## WHAT TO DO
A word-for-word copy of the lines below, starting at the line with "Toyota Camry SE" and ending at the last one, is what you should give. Omit every picture.

==== DATA FOR ANALYSIS

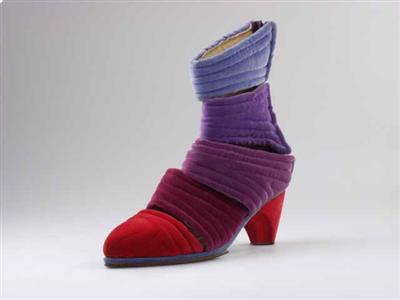 08228.jpg; 08228; Laars met rits op hiel uit de Velvet serie; kuitlaars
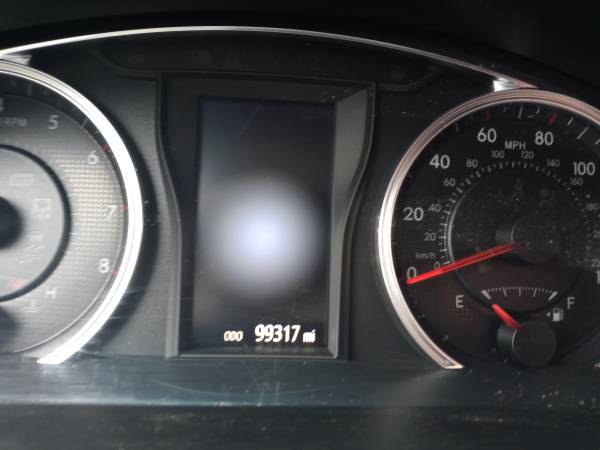 Toyota Camry SE 2015 10, 300 OBO for sale in Denham Springs, LA – photo 4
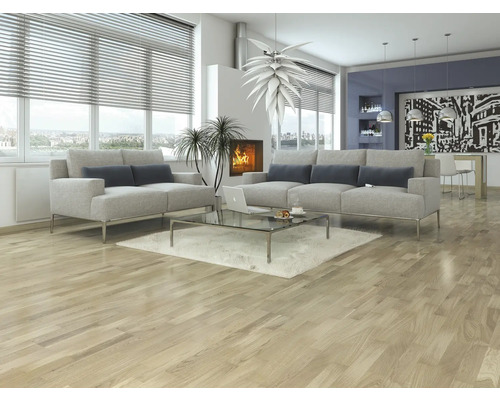 Ljust vardagsrum med två grå soffor, soffbord och trägolv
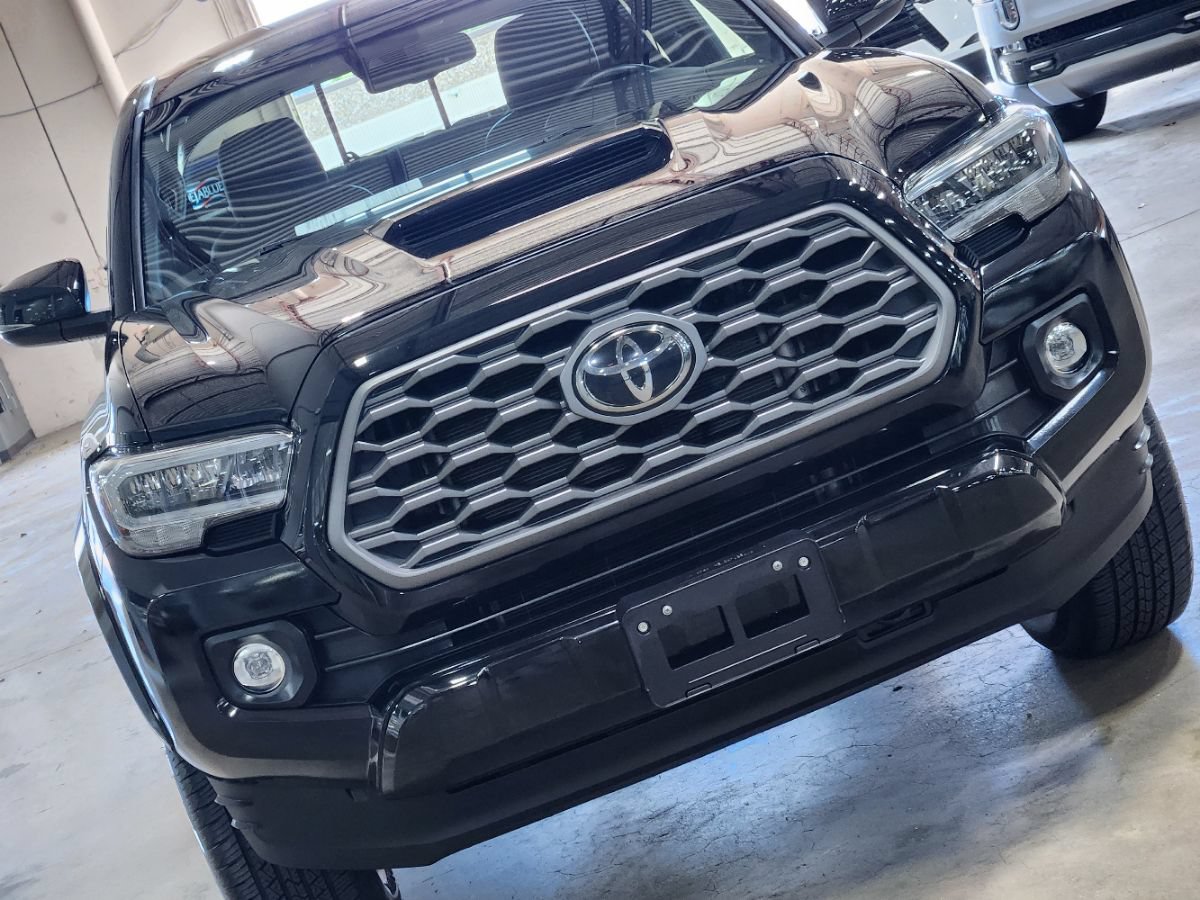 Used 2023 Toyota Tacoma TRD Sport RWD image 12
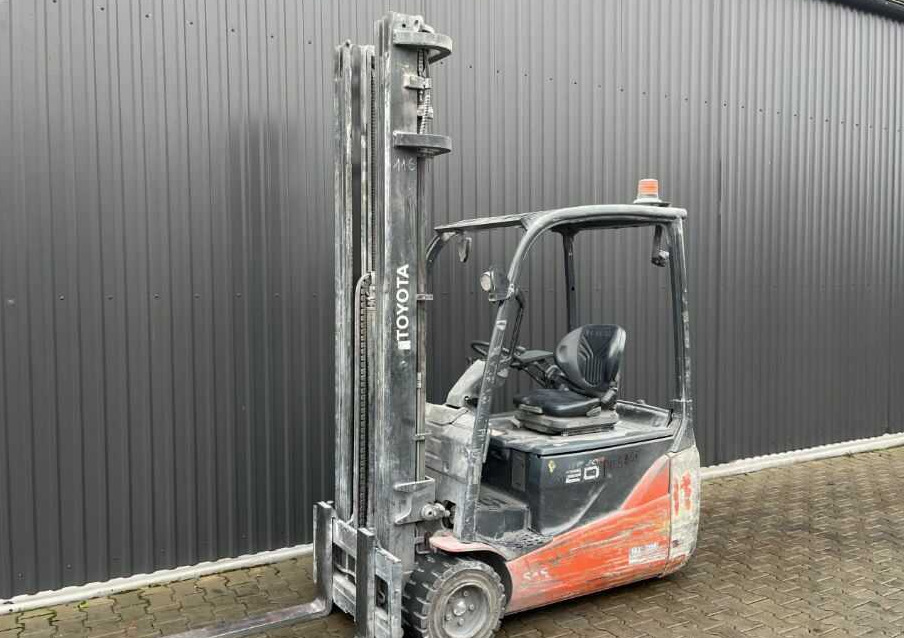 Toyota 8FBE20T - Electric forklift: picture 1 Toyota 8FBE20T - Electric forklift: picture 1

========

## ANSWER FOR THIS EXERCISE
 Toyota Camry SE 2015 10, 300 OBO for sale in Denham Springs, LA – photo 4
 Ljust vardagsrum med två grå soffor, soffbord och trägolv
 Used 2023 Toyota Tacoma TRD Sport RWD image 12
 Toyota 8FBE20T - Electric forklift: picture 1 Toyota 8FBE20T - Electric forklift: picture 1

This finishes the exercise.